Renaud, l’enfant perdu

MONNART ISABELLE Publié le – Mis à jour le 

LIVRES – BD   D’ordinaire, il est sacrilège de raconter la fin d’un livre. Mais, pour le coup, on a le droit : les derniers mots de l’autobiographie de Renaud parlent de demain, du futur, d’une tournée qui s’annonce. « Qui sait ce que les dieux nous réservent ? » , dit-il, évoquant la proposition faite à son ex-femme, Dominique, de convoler à nouveau…

Avant d’en arriver là, pourtant, il lui en aura fallu du courage pour accomplir ce chemin vers son enfance et se confronter à nouveau à tous ses démons.

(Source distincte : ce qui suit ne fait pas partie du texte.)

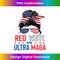 Red White And Ultra Maga Republican 4th July USA Messy Bun 1 - PNG Transparent Sublimation File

Oh, bien sûr, il y a eu des moments heureux, follement. De l’insouciance, de l’amour, au milieu d’une fratrie de cinq, soudée. Mais quand, vers 10 ans, il découvre que papa a eu une autre famille avant, que son aînée n’est que la moitié d’une grande sœur et qu’il y avait aussi un frère, mort à 12 ans sous les bombes américaines, en Normandie, quelque chose se fissure. Idem quand, quelques années plus tard, lui pète à la figure la bombe lâchée par son grand frère. Oscar, son grand-père, son héros, militant communiste, a rejoint le Parti populaire français (PPF) pendant la Seconde Guerre, quand papa travaillait pour Radio Paris. Deux hommes profondément de gauche, que l’Histoire a forcés à pactiser avec l’ennemi. Si Renaud n’en parle pas, il est ébranlé par ces révélations. C’est peut-être pour ça qu’il monte sur les barricades avec autant d’ardeur, en mai 1968.

La femme de son pote

Sans rien cacher de ses premiers bides et râteaux, il se raconte, avec la gouaille qu’on lui connaît. Le lire, c’est l’entendre. D’autant que son livre est parsemé de courts extraits des tubes qui ont émaillé sa – et nos – vie(s). Il raconte l’amour de sa vie, qu’il pique à Gérard Lanvin, leur fille Lolita, le succès. Presque trop. Il essaie de comprendre ce qui, un jour, le plongea dans une crise de paranoïa – suite à un voyage à Cuba, il se croit poursuivi par le KGB – dont il ne se sortira que dans l’alcool. La machine infernale est en marche… C’est à Bruxelles, en 2015, à la clinique Sainte-Elisabeth, puis au studio ICP, qu’il parviendra, enfin, à l’arrêter. Pour mieux redémarrer, enfin.I. M.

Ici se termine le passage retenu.